Up to the time it was written, the most authoritative works in this field were considered to be: Gharīb al-ḥadīth by Abū ʿUbayd al-Qāsim b. Sallām and al-Khaṭṭābī, Kitāb al-Gharībayn by Aḥmad b. Muḥammad al-Harawī, al-Fāʾiq fī gharīb al-ḥadīth by al-Zamakhshari, and Majmūʿ al-mughīth fī gharībay al-Qurʾān wa’l-ḥadīth by Abū Mūsā al-Madīnī. Some of these works arranged hadiths according to the musnad order, while others explained rare words occurring in both the Qur’an and the hadith. Each of these works, however, had certain methodological and structural difficulties that made them less accessible.

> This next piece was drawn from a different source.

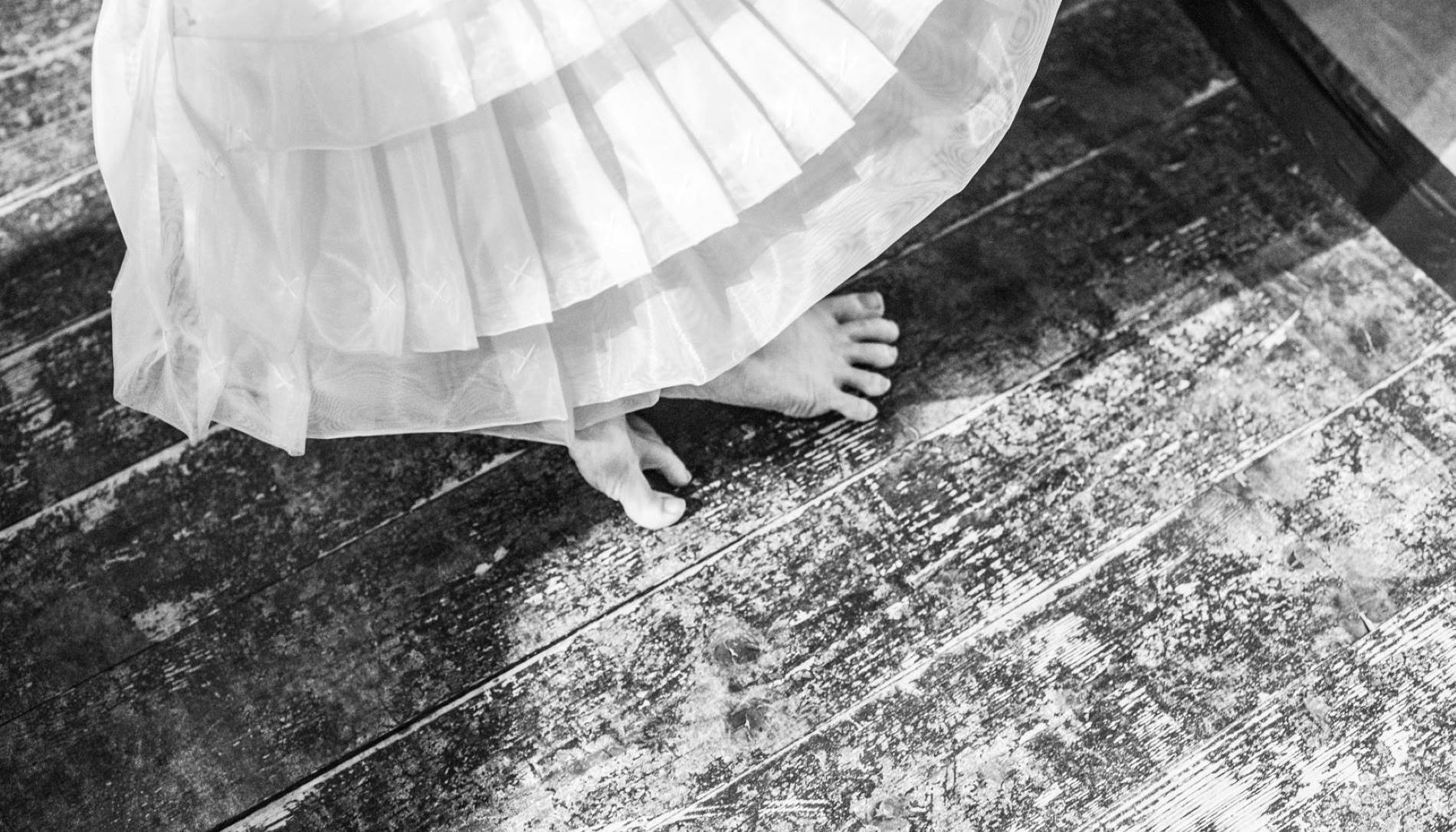 Black and white photo of a skirt and bare feet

In the introduction to al-Nihāya, Ibn al-Athīr discusses the origin and development of gharīb al-ḥadīth studies and the methods used in earlier works, stating that he sought to compensate for their deficiencies in his own compilation. He organized the book alphabetically according to the first three letters of each word, and arranged chapter headings by the first two letters. Ibn al-Athīr frequently quotes from Ibn Qutayba, al-Khaṭṭābī, and especially al-Zamakhsharī. While he usually cites his sources, he occasionally quotes without attribution and sometimes critiques his sources.

==Methodology==
Ibn al-Athīr based his work primarily on the most comprehensive of these, namely al-Harawī's Kitāb al-Gharībayn, as well as Abū Mūsā al-Madīnī's work, which had been written to complement it. Drawing on these, Ibn al-Athīr confined himself to explaining obscure words found only in hadiths. In addition, he incorporated rare words found in hadiths and reports (athar) that he compiled from various other sources. After merging the entries and hadiths from the two aforementioned works, he eliminated repetitions and added further rare expressions that he located in other hadith collections. In al-Nihāya, Ibn al-Athīr used the abbreviation “hāʾ” (هـ) for the hadiths taken from al-Harawī and “sīn” (س) for those taken from Abū Mūsā, while marking his own additions with no special symbol. However, the editors Ṭāhir Aḥmad al-Zāwī and Maḥmūd Muḥammad al-Ṭanāḥī placed an asterisk (*) before the author's own additions.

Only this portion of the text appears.